■ EXERCISE DIRECTIONS: Gather, from the data below, each line in which the word "White" occurs.

■ INFORMATION SUPPLIED:
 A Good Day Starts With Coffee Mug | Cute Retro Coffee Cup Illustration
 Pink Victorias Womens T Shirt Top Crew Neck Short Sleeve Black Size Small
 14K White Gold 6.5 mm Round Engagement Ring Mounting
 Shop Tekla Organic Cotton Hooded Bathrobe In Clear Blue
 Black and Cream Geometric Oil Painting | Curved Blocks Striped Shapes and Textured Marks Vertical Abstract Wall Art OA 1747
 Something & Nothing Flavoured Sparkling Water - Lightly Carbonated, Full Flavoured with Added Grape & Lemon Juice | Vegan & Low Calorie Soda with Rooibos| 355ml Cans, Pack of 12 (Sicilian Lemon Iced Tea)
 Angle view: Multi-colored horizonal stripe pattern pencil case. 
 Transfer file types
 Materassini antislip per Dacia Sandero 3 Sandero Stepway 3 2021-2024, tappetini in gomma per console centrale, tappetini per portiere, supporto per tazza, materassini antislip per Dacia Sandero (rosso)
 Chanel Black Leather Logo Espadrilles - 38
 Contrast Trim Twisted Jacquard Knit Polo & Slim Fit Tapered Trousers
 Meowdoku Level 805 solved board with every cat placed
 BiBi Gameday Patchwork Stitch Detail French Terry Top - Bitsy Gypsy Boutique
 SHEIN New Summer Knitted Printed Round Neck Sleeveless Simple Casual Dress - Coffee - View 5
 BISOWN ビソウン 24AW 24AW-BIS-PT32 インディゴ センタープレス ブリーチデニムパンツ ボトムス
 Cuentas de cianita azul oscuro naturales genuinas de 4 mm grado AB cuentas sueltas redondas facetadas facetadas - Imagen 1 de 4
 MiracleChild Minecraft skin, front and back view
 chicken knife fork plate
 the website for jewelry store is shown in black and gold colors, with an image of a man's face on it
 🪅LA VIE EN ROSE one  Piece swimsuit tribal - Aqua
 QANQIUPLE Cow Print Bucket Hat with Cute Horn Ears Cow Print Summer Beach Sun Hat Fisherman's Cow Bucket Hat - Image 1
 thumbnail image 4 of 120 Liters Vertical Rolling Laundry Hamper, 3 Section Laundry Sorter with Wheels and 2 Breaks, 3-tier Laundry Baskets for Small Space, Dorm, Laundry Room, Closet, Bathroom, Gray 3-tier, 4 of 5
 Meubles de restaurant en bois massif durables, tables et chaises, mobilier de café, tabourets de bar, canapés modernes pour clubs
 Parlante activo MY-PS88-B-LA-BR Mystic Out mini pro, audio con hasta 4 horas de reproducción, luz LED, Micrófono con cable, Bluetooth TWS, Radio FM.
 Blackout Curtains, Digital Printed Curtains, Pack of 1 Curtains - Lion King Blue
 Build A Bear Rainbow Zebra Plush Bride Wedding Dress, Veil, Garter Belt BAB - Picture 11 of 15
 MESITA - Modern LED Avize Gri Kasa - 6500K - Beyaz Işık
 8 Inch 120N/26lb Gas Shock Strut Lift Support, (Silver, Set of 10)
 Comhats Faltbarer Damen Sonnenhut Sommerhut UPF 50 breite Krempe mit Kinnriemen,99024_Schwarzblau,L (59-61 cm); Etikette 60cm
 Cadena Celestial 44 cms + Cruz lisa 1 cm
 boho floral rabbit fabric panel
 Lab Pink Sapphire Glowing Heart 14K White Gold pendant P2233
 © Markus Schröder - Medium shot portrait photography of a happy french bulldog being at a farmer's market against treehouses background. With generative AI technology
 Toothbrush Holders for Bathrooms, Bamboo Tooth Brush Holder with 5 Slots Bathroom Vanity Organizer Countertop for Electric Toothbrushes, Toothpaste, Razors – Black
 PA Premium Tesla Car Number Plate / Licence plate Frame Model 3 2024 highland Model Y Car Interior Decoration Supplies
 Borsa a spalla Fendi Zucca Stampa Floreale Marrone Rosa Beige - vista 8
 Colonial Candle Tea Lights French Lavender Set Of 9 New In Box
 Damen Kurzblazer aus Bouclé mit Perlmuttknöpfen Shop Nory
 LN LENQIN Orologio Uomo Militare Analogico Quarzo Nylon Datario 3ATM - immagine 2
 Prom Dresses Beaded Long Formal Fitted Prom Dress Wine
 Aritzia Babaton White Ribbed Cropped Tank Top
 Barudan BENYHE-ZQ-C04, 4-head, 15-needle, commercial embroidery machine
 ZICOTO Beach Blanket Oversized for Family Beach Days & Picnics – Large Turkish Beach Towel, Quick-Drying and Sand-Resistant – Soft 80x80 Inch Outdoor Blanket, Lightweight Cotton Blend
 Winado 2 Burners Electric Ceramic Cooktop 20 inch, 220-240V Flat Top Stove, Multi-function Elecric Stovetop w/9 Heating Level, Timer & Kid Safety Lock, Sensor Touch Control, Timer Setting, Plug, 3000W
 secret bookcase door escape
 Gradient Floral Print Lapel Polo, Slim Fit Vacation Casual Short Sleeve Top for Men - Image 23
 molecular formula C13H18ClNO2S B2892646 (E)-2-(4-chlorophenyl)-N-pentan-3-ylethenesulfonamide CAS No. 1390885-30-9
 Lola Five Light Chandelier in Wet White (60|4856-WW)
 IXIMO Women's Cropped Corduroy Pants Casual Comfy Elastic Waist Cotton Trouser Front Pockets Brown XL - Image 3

■ ANSWER BELOW:
 14K White Gold 6.5 mm Round Engagement Ring Mounting
 Lab Pink Sapphire Glowing Heart 14K White Gold pendant P2233
 Aritzia Babaton White Ribbed Cropped Tank Top
 Lola Five Light Chandelier in Wet White (60|4856-WW)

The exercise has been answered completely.